Une règlementation nationale qui ne permet pas à l’avocat et à son client de convenir d’une rémunération d’un montant inférieur au montant minimal fixé par une organisation professionnelle d’avocats est susceptible de restreindre le jeu de la concurrence dans le marché intérieur au sens de l’article 101, § 1, du Traité sur le fonctionnement de l’Union européenne (TFUE).

par François Mélinle 12 janvier 2018

Par cet arrêt du 23 novembre 2017, la Cour de justice de l’Union européenne (CJUE) se penche sur la règlementation bulgare relative aux avocats, qui prévoit que le montant de la rémunération de l’avocat ou de l’avocat d’un Etat membre de l’Union est déterminé par une convention conclue avec le client. La loi bulgare prévoit que ce montant doit être équitable et justifié mais qu’il ne peut pas être inférieur au montant prévu par un règlement adopté par le Conseil supérieur du barreau en Bulgarie pour le type de prestation concerné. La négociation d’une rémunération inférieure constitue une infraction disciplinaire.

Il s’agissait d’apprécier la compatibilité entre cette règlementation et l’article 101, § 1, du TFUE, qui retient notamment que sont incompatibles avec le marché intérieur et interdits tous accords entre entreprises, toutes décisions d’associations d’entreprises et toutes pratiques concertées, qui sont susceptibles d’affecter le commerce entre États membres et qui ont pour objet ou pour effet d’empêcher, de restreindre ou de fausser le jeu de la concurrence à l’intérieur du marché intérieur.

Dès lors que le Conseil supérieur du barreau bulgare ne se comporte pas comme un démembrement de la puissance publique, il doit en effet être considéré comme une association d’entreprises au sens de l’article 101, lorsqu’il adopte des règlements fixant les montants minimaux de la rémunération de l’avocat (arrêt, point 49).

Il faut dès lors rechercher si cette règlementation est susceptible de restreindre le jeu de la concurrence dans le marché intérieur.

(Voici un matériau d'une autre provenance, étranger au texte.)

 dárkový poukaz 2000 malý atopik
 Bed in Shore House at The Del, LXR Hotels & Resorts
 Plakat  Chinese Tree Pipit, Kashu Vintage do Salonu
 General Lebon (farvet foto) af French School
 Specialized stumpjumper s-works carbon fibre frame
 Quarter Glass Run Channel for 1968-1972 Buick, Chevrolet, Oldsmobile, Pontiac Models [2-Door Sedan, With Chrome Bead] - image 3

Sur le plan des principes, il est certain qu’elle est susceptible de restreindre ce jeu de la concurrence puisque la fixation de montants minimaux de la rémunération de l’avocat, rendus obligatoires par une règlementation nationale, équivaut à la fixation horizontale de tarifs minimaux imposés. En ce sens, elle empêche les autres prestataires de services juridiques d’établir des montants de rémunération inférieurs à ces montants minimaux (en ce sens, v. CJUE 4 sept. 2014, API e.a., aff. C-184/13 à C-187/13, C-194/13, C-195/13 et C-208/13, point 43, CCC 2014, n° 249, note G. Decocq ; Europe 2014, n° 467, note L. Idot.).

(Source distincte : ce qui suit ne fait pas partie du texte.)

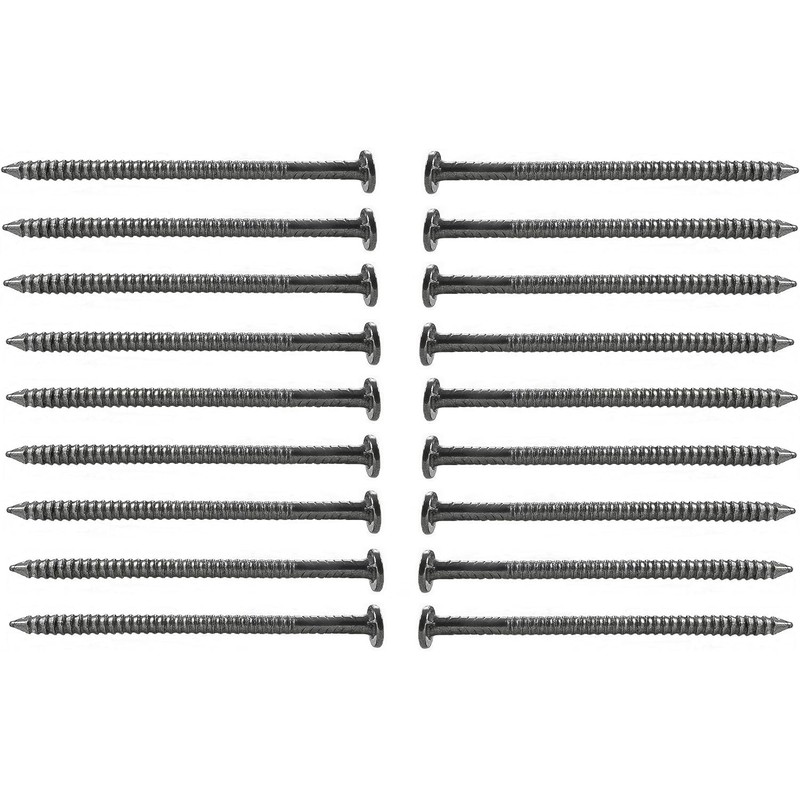 3mm x 80mm Ring Shank Steel Nails Galvanised (Pack of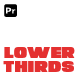 Clean Lower Thirds | Premiere Pro - VideoHive Item for Sale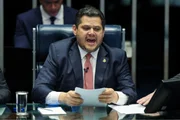 O presidente do Senado, Davi Alcolumbre O presidente do Senado, Davi Alcolumbre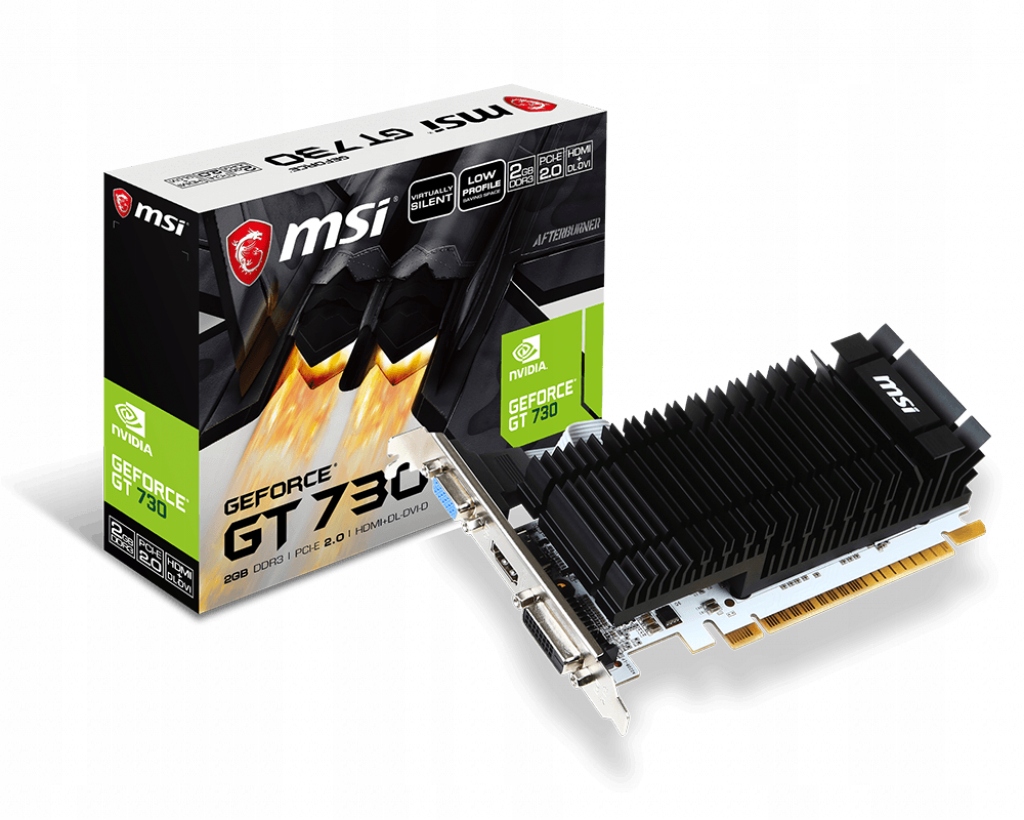 Купить Видеокарта MSI GT 730 LP 2 ГБ DDR3 64 бит: отзывы, фото, характеристики в интерне-магазине Aredi.ru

Toutefois, la CJUE prend soin de préciser qu’une telle règlementation ne tombe pas nécessairement sous le coup de l’interdiction édictée par l’article 101. Il faut en effet tenir compte du contexte global et, plus particulièrement, de ses objectifs, avant d’examiner si les effets restrictifs de la concurrence qui en découlent sont inhérents à la poursuite de ces objectifs (en ce sens, v. déjà CJUE 4 sept. 2014, préc., point 47) et s’ils sont limités à ce qui est nécessaire pour assurer leur mise en œuvre (arrêt, points 53 à 55). La CJUE ajoute qu’il appartient au juge national de vérifier ces éléments.

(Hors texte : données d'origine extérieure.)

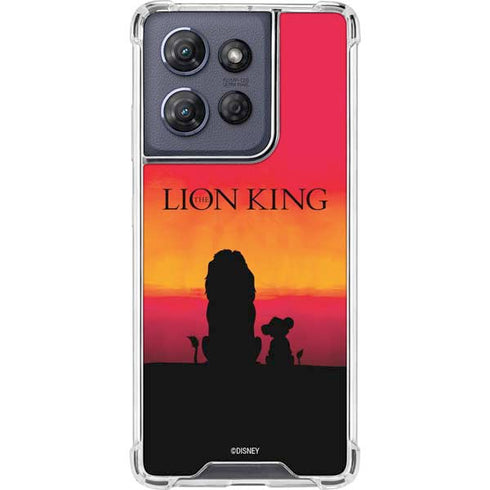 Disney The Lion King Movie Poster Art Moto G Power 5G (2025) Clear Case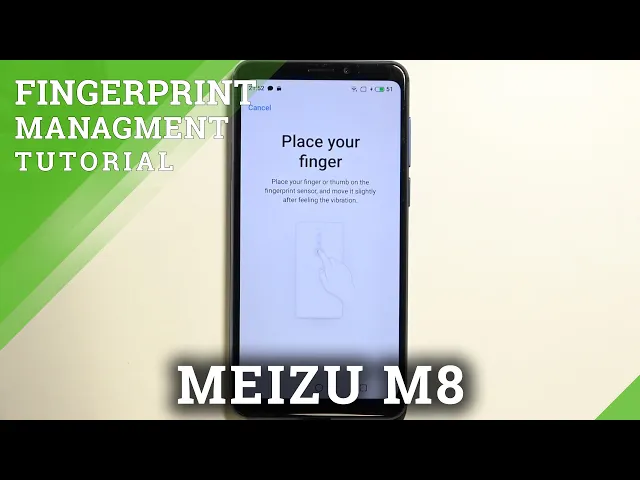 Video thumbnail for How to Add Fingerprint to MEIZU M8 – Set Up Fingerprint
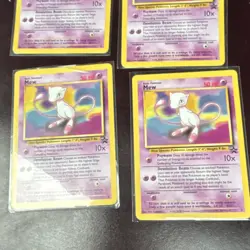 Pokemon TCG Mew Wizards Black Star Promo Card Lot 4 Vintage Collectible - Image 3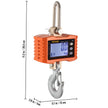 1000KG 2200LBS Aluminum Digital Crane Scale heavy Duty Hanging Scale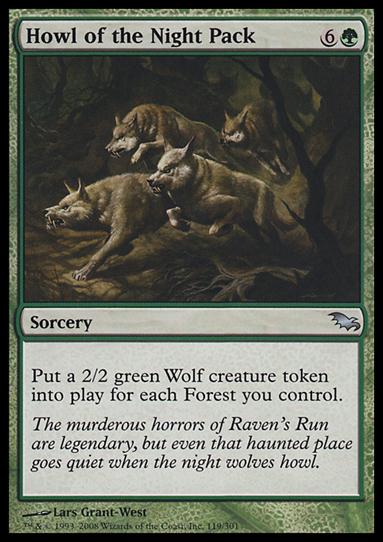 Magic the Gathering: Shadowmoor (Base Set) card 119 Howl of the Night Pack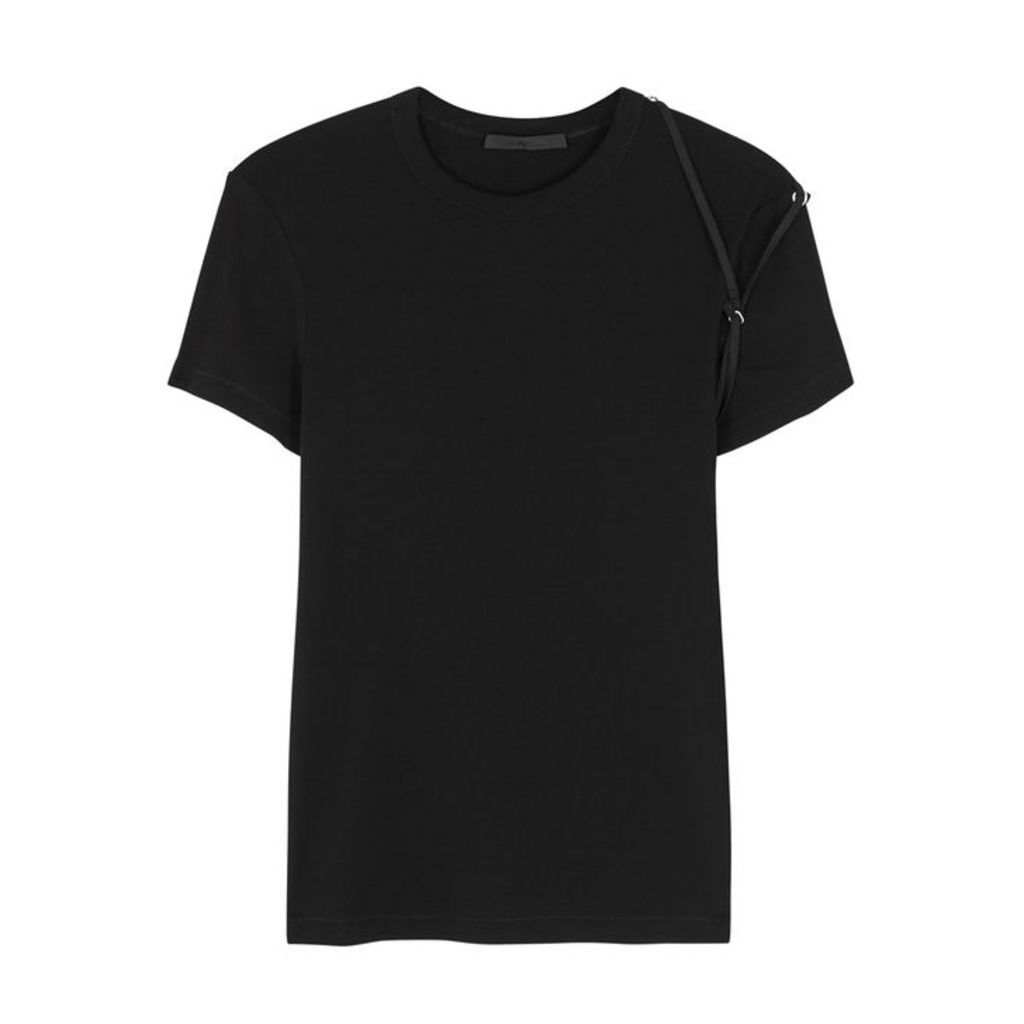 Helmut Lang Black Cotton T-shirt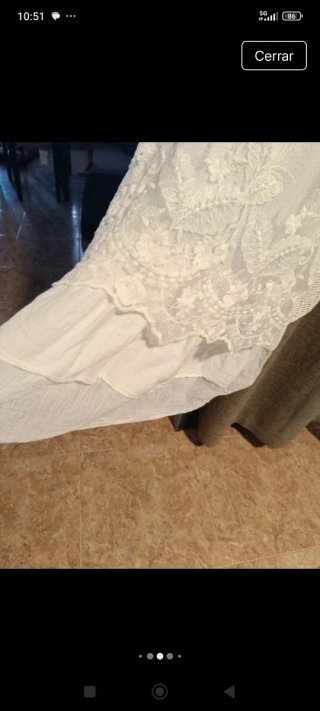 Vestido blanco estilo ibicenco talla única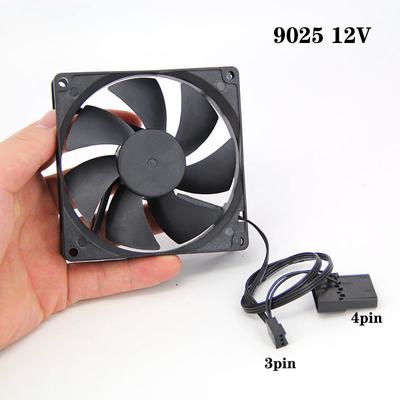 DC 12v 90*90*25 9025 3pin nebo velký 4pin Bezkartáčový Počítačový Chladicí Ventilátor 9cm 90mm PC Ventilátory 90mmx25mm Pro Počítačovou Skříň GPU CPU Chladič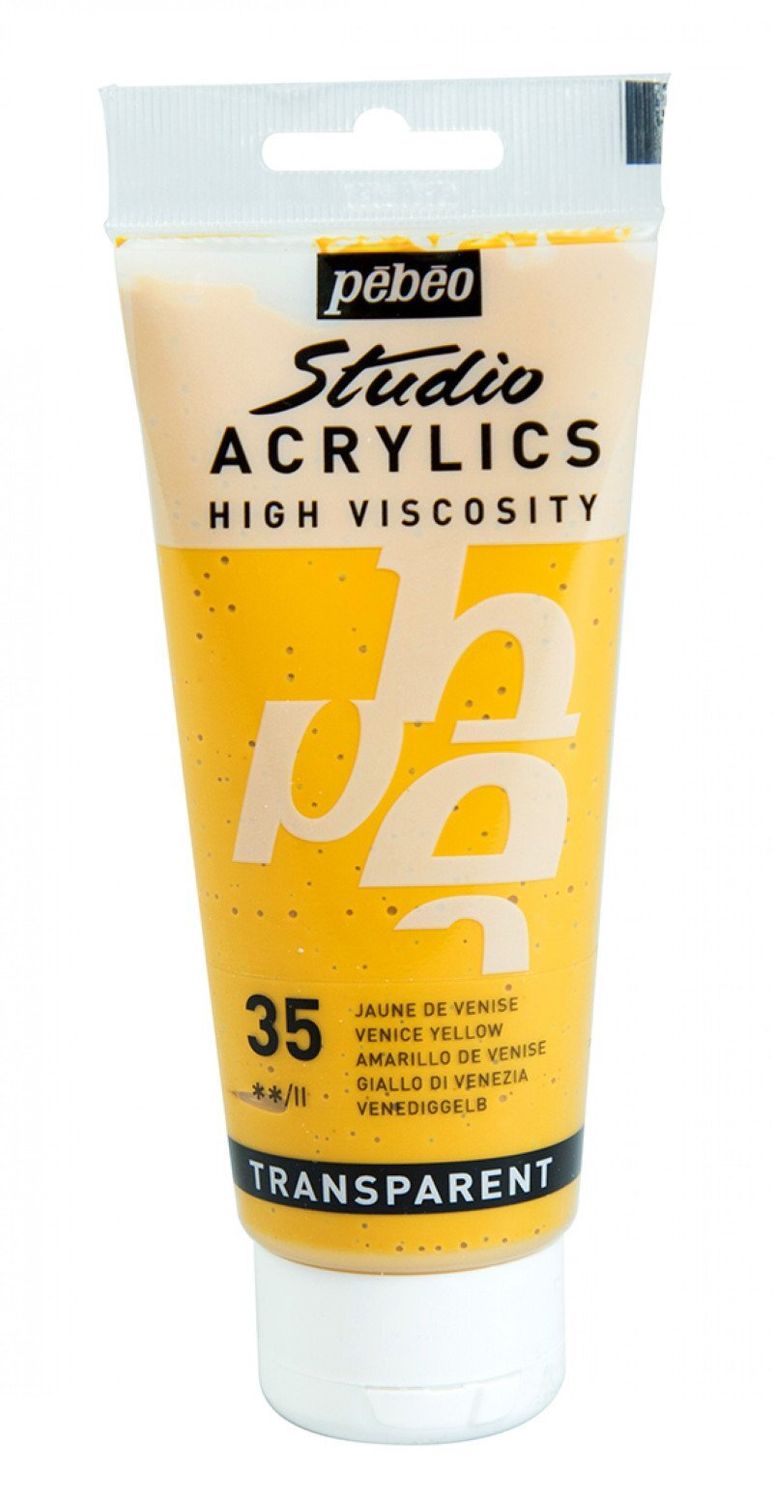 ACRILICO FINO STUDIO 100 ML AMARILLO DE VENECIA Nº35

Cet arrêt relatif à la législation bulgare n’aura pas de conséquence sur le cadre juridique appliqué en France par les avocats en ce qui concerne leur rémunération (sur ce, v. H. Ader, A. Damien, T. Wickers, S. Bortoluzzi et D. Piau, Règles de la profession d’avocat, Dalloz Action, 2016/2017, p. 1154 s.). Il mérite néanmoins de retenir l’attention car il constitue une illustration éclairante de la jurisprudence de la Cour de justice lorsqu’est en cause une règlementation propre à une profession qui a une incidence sur les prix.